Qaddafi has ruled Libya since taking power in a 1969 coup. He's used torture and executed his political opponents over the years, while vastly enriching himself and his extended family. When the originally peaceful protests against his rule began, he responded by having protesters shot in Tripoli, Benghazi, and other cities. The attitude of the rebels has been, given his actions, that Qaddafi can't be trusted and his departure from power is the only acceptable starting point for a new Libyan future.
The list of countries that agree with them grows larger every day.
Last week, Russia, which abstained from the UN Security Council vote that authorized international action over Libya and his criticized NATO strikes, said Qaddafi was no longer the legitimate ruler of LIbya and needs to step down.
"If Qaddafi makes this decision, which will be beneficial for the country and the people of Libya, then it will be possible to discuss the form of his departure, what country may accept him and on what terms, and what he may keep and what he must lose," Russian President Dmitry Medvedev said.
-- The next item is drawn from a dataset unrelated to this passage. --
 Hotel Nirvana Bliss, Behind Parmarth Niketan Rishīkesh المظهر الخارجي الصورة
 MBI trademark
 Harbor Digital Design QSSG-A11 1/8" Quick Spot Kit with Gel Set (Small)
But Zuma, who helped craft an African Union plan that called for an end to the war with Qaddafi still in power, continues to publicly stand with the man he fondly calls "brother leader." That's not entirely surprising, since Qaddafi has been one of the principle financial backers of the African Union, and provided crucial financial support to the African National Congress, who led the fight against apartheid in South Africa.
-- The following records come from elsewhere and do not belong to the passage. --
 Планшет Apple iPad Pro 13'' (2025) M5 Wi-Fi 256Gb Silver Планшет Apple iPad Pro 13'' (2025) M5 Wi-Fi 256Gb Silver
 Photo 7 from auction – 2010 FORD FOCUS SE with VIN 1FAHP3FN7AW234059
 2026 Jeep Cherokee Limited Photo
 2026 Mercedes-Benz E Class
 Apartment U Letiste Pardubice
Nelson Mandela was also fond of Qaddafi, and devoted much of the final months of his presidency in 1999 to rehabilitating Qaddafi's international image. Mr. Mandela helped negotiate Libya's handover of Abdelbaset al-Megrahi, a Libyan intelligence agent later convicted in the bombing of Pan Am Flight 103 over Lockerbie. That handover saw international sanctions on Libya lifted. Qaddafi's first full state visit after that was to South Africa. "Those who feel irritated by our friendship with President Qaddafi can go and jump in a pool," Mandela said at the time.
This history makes it clear why Zuma isn't an appropriate mediator. The Libyan rebels see him as wholly in Qaddafi's camp, and his forays to Tripoli as doing more harm than good, since they have the effect of demonstrating support for a man reviled by most of the world as a dictator.
For the rebels, it's been overall a very good couple of weeks. In addition to Italy's financial support and the hardening of Russia's public stance, they also won control of Misurata, the largest city they hold outside eastern Libya, which is more or less entirely under their control. Misurata had endured withering rocket and mortar barrages for months. Though there is still fighting near the city, the rebels with NATO support finally pushed Qaddafi's men out of mortar range of the city last week.
NATO action has severely degraded Qaddafi's military, and continues. Yesterday in Rome, five of Qaddafi's generals who defected last week gave a press conference, and one estimated that Libya's army is now about 20 percent of what it was when the fighting began.
Well, at least Qaddafi still has Zuma on his side.